DATA EXTRACT:

════════════════════

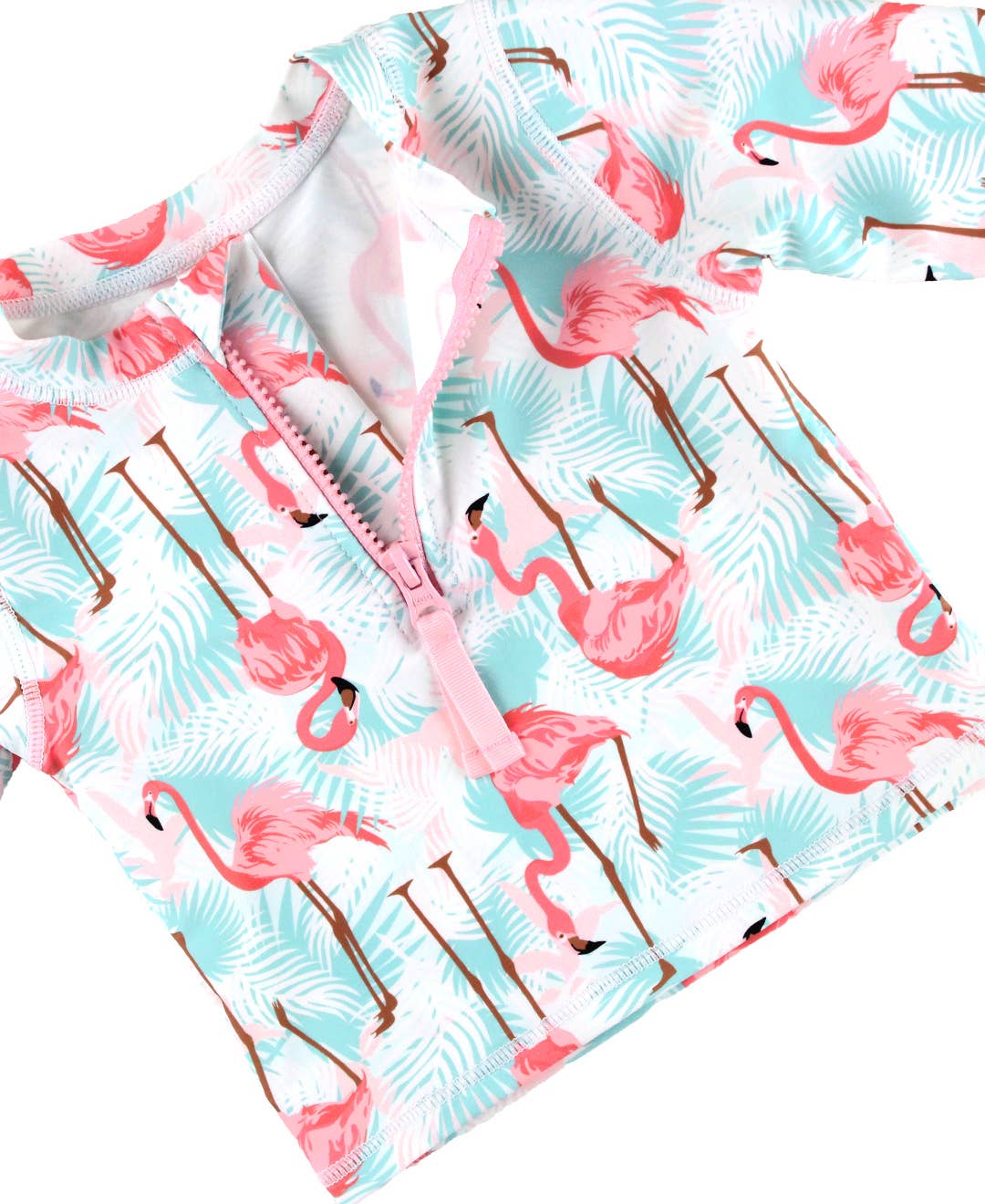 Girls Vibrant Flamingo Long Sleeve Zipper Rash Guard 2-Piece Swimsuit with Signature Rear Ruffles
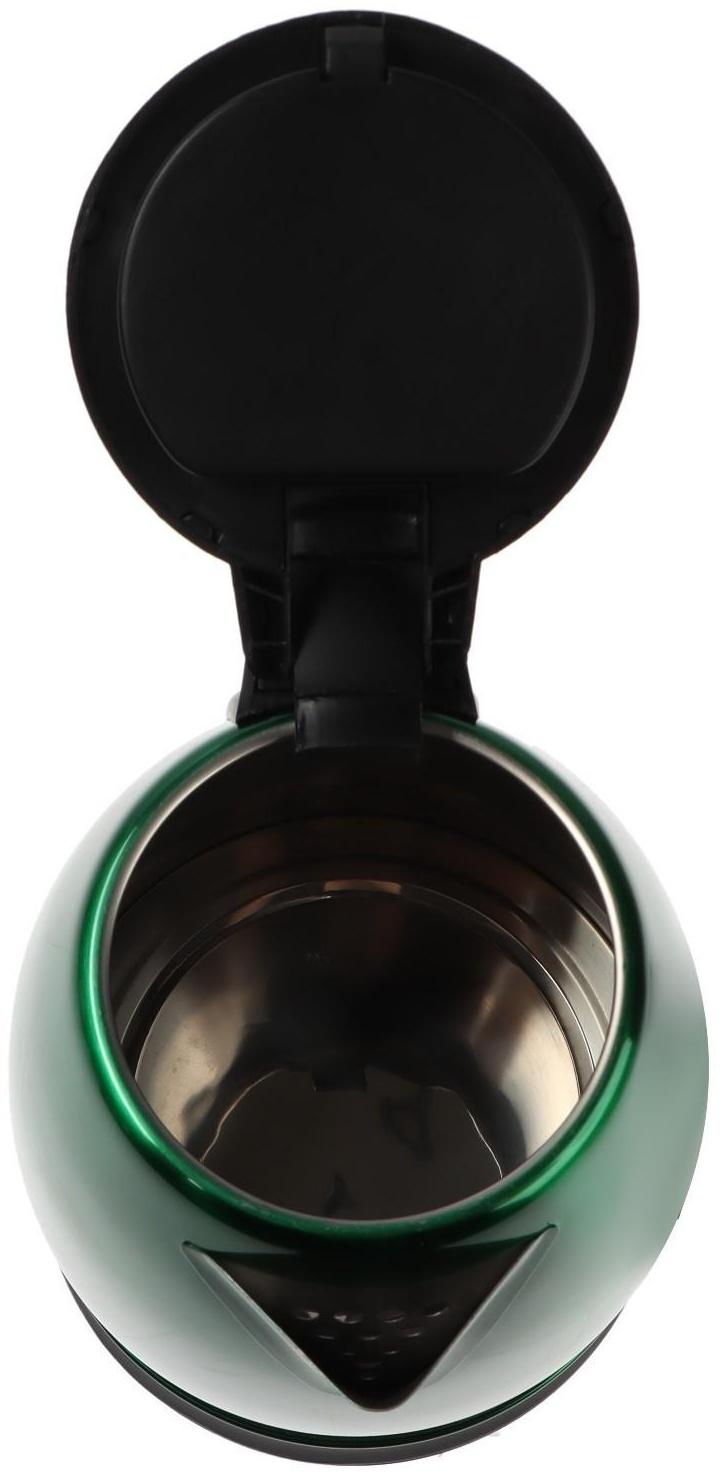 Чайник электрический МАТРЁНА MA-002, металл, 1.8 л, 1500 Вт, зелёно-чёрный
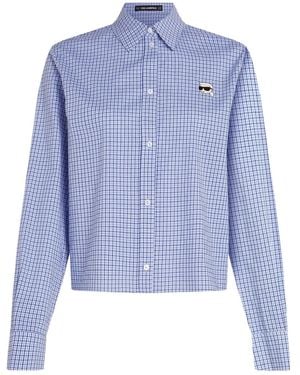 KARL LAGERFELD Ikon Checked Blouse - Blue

════════════════════

GOAL OF THE EXERCISE:
Could each line of the data be written out exactly, with no pictures included?

YOUR SOLUTION:
 Girls Vibrant Flamingo Long Sleeve Zipper Rash Guard 2-Piece Swimsuit with Signature Rear Ruffles
 Чайник электрический МАТРЁНА MA-002, металл, 1.8 л, 1500 Вт, зелёно-чёрный
 KARL LAGERFELD Ikon Checked Blouse - Blue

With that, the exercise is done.